Yes, by God and Sonny Jeebus, this time next week we get the Premiership back, and perhaps enough decent-ish JV NFL to whet our heroine-withdrawn lips. As for today…you get FUCKALL and will like it.
Pretend Man City rages on. In the Year of Our Pretend LAWD 2061, I won the stupid Club World Cup…but not the Cursed Caribou. So, no 7 trophies = we pretend go marching on. I have over $1.6B (yes, billion with a “b”) in my transfer kitty. There’s no way I can ever spend it all. Feels like a Pretend Rockefeller or sommet.
In quasi-reality, Everton has a shiny new midfield. Boy howdy, did they need it. Perhaps as importantly, signals are that Gylfi Sigurddson, Theo Walcott, and their similar deadwooders are heading to the Lesser Farm in the Country. None to soon.
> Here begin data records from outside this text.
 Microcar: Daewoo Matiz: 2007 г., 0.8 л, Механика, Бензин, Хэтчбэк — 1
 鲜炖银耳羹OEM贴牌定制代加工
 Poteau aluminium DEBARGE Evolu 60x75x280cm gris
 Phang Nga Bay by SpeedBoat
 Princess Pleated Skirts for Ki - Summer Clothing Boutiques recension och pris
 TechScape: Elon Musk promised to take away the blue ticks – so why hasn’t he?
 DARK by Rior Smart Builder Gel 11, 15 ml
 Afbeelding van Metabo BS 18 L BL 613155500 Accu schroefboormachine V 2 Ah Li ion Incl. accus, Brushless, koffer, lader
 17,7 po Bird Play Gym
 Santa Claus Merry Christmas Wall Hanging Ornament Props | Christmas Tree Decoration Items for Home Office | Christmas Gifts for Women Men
I reckon it will be October before I return to my normal level of Toffee jadedness.
Oh, and lest I forget – got quite the Friday chuckles over Li’l Messi’s Evita routine. Jesus, the saddest thing is…I think he really believes his own bullshit. Dude, you’ns in about as much touch with reality as teh Hippo. This is not a compliment.
Really, truly, I have nothing else to say to you fine imaginary people. Talk amongst yourselves.